# 400/350 69 Engine Question



## funbooker (Apr 18, 2012)

I'm putting together an engine someone else took apart so I need a little help from someone who has overhaul experience.

My engine had no timing chain cover studs in the block. I know some of the 6 bolts that hold on the cover are studs. I'm going to number them left and right, looking at it and 1-3 from top to bottom, L-1, L-2, L-3, R-1, R-2, R-3.

The manual shows a picture of one stud, R-1, has a stud. Does anyone know which of the other 5 holes have studs as opposed to bolts? I see the power steering pump has a really long bolt that I assume goes into one of those holes, through the timing cover but I could use some advice on that too.

Thanks as always.


----------



## BearGFR (Aug 25, 2008)

It's not critical. You can build it with one, or two, or none. What really matters is getting the right number of fasteners in, at the right length, and properly tightened. The engine doesn't care if they're studs or bolts.

Bear


----------



## funbooker (Apr 18, 2012)

thanks Bear but the thing is, I want to button up the timing chain cover and the oil pan before putting the engine in the car. I'd like to know what gets tightened down now and what gets a bolt later, like the long one for the power steering pump. I don't want to take up a hole with a stud when a bolt is supposed to go in later. I'd like to do it right the first time and avoid having to do anything over.


----------



## geeteeohguy (Feb 2, 2008)

The power steering pump bracket does not bolt through the timing cover, so no worries there. It bolts to the block, and the pump bolts to the bracket. The long bolt will go to the block or head. I would install the bracket prior to installing the engine in the car to make it easier to see what goes where, since you are not super familiar with it. On my cars, the timing cover studs are always at the top of the water outlet holes on each side of the block. Not needed (bolts will do), but the factory studs makeit easier to guide the timing cover into place without shifting the gasket, etc.


----------



## funbooker (Apr 18, 2012)

That's kind of what I was thinking. So does anything, brackets etc., bolt onto studs or bolts that hold the timing chain cover?


----------



## BearGFR (Aug 25, 2008)

funbooker said:


> That's kind of what I was thinking. So does anything, brackets etc., bolt onto studs or bolts that hold the timing chain cover?

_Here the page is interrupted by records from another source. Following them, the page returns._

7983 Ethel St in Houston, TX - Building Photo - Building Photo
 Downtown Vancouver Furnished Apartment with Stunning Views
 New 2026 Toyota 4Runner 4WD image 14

On my 69, there are only two bolts that have anything "extra" on them. One is the long timing cover bolt (or stud) on the top passenger side that has the engine lift "loop" (and in my case, part of the A/C compressor bracket since I'm running an aftermarket a/c), the other is the front half of the alternator bracket.

You can see both in this photo









Bear


----------



## funbooker (Apr 18, 2012)

picture's worth 1000 words, thanks. One more dumb question (for now) does the stud that holds the alternator get a nut for the timing cover and another one for the alternator or is there just one for both?


----------



## geeteeohguy (Feb 2, 2008)

?????? I've never seen an alternator stud mount to a timing cover on one of these engines. What am I missing here???


----------



## gjones (Oct 8, 2012)

*alt. bracket*

On my '71 455, there is a large chrome alternator bracket which attaches directly to two water pump bolts. Then power steering attaches to that under it. PO must have installed that as an aftermarket chrome accessory package. That is absolutely the worst travesty of automotive engineering I've ever encountered! It is insanely difficult to get the pulleys to align properly, shim it here, shim it there. There's hardly any rear support! Love the chrome but hate the bracket...I want to put my old brackets on from the 326, but I doubt if it'll work...


----------



## etewald (Dec 27, 2011)

funbooker said:


> picture's worth 1000 words, thanks. One more dumb question (for now) does the stud that holds the alternator get a nut for the timing cover and another one for the alternator or is there just one for both?


I would just use one nut. (Hehehe one nut.....)


----------



## BearGFR (Aug 25, 2008)

The alternator bracket goes on a water pump bolt - it's not a stud - at least that's the way it is on my 69.

Here's a better picture that shows how it all goes together









Bear


----------



## geeteeohguy (Feb 2, 2008)

Correct. The same on the earlier cars. One of the top water pump bolts holds the bracket. On some cars, like my '65, it's the only bolt that does hold the top bracket in place. On my '67, the bracket has a different shape, and has another bolt that holds it to the intake as well. In either case, there are no issues with bolting the timing cover onto the engine and installing it in-car. As a side note, on the driver's side of the timing cover, under one of the smaller bolts there is sometimes a small bracket for the fuel line and/or fuel vapor return line. My '67 has this.


----------